▶ _Work to be completed_: What is wanted is every line below from the one with "Фото #5 товара" up to and including the one with "2003 Dodge Dakota", retyped exactly, pictures excluded, nothing else.
BEGIN Dataset extract
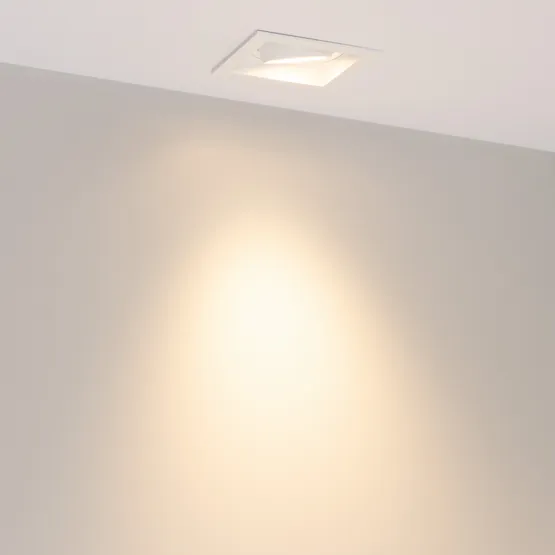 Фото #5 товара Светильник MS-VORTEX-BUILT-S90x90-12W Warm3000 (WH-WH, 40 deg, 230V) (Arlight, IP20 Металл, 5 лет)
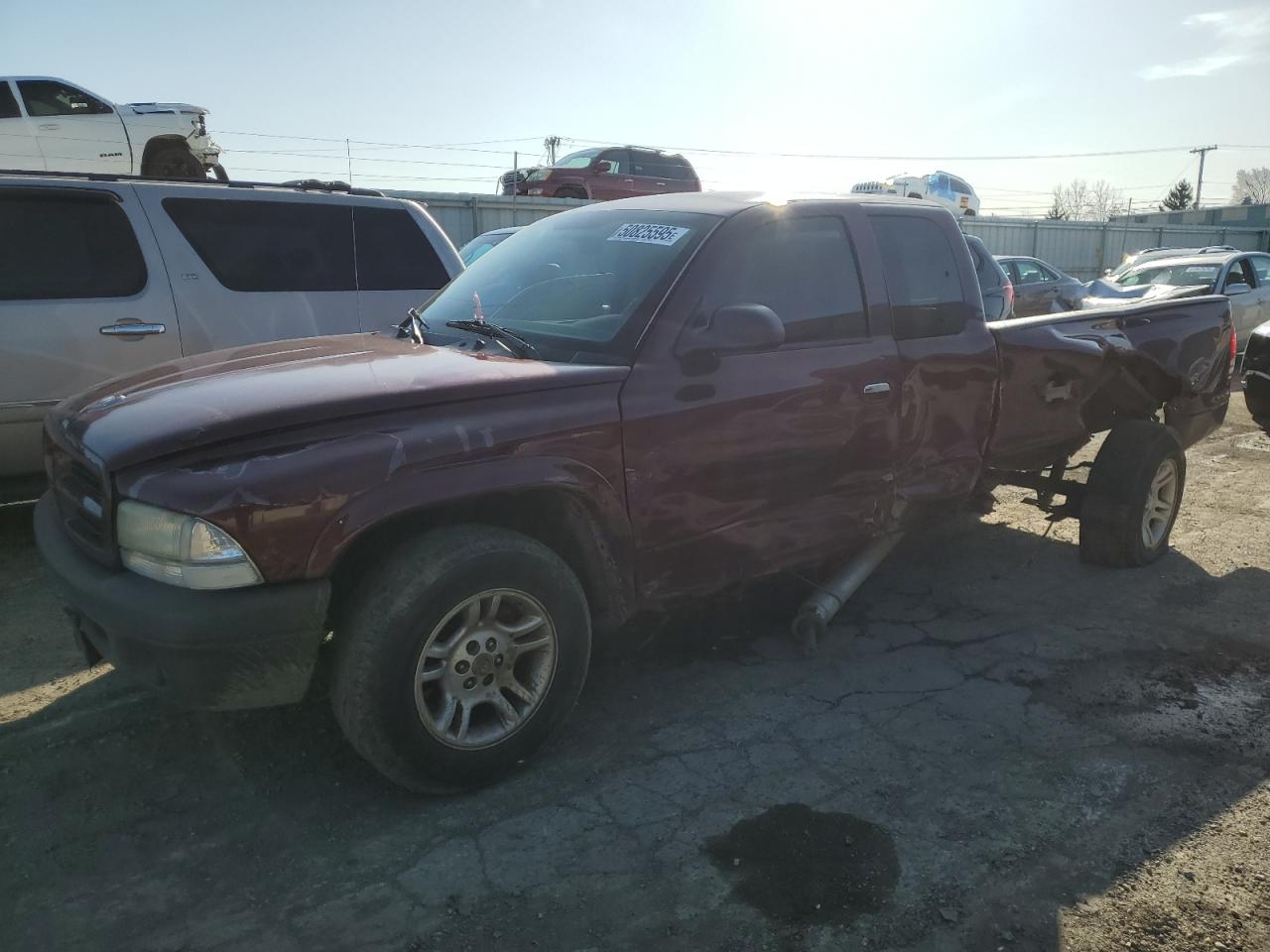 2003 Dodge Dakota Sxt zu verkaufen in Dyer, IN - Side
END Dataset extract
BEGIN Dataset extract
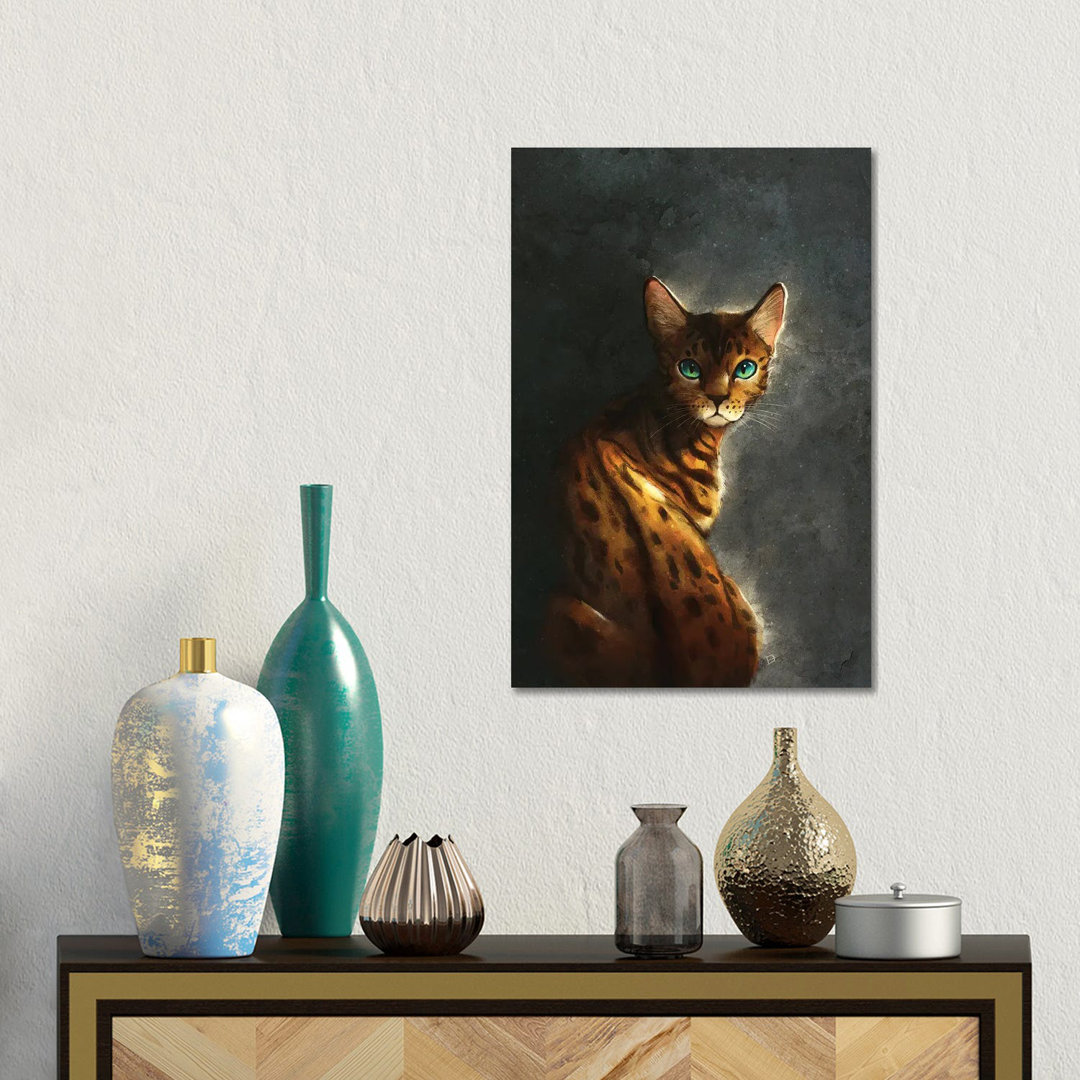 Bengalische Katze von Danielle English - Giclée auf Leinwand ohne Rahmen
END Dataset extract
▶ _Your response_:
 Фото #5 товара Светильник MS-VORTEX-BUILT-S90x90-12W Warm3000 (WH-WH, 40 deg, 230V) (Arlight, IP20 Металл, 5 лет)
 2003 Dodge Dakota Sxt zu verkaufen in Dyer, IN - Side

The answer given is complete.